** Task data **
═══

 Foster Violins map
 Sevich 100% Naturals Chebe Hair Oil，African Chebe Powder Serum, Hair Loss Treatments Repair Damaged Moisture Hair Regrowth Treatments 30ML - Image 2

═══

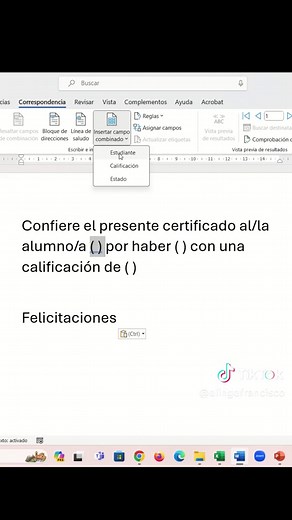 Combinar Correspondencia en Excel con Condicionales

═══

** Instructions for the task **
When the line with "Foster Violins map" is reached in the data above, begin copying, and stop after the line with "Sevich 100% Naturals"; copy each line exactly, both ends included.

** Answer below **
 Foster Violins map
 Sevich 100% Naturals Chebe Hair Oil，African Chebe Powder Serum, Hair Loss Treatments Repair Damaged Moisture Hair Regrowth Treatments 30ML - Image 2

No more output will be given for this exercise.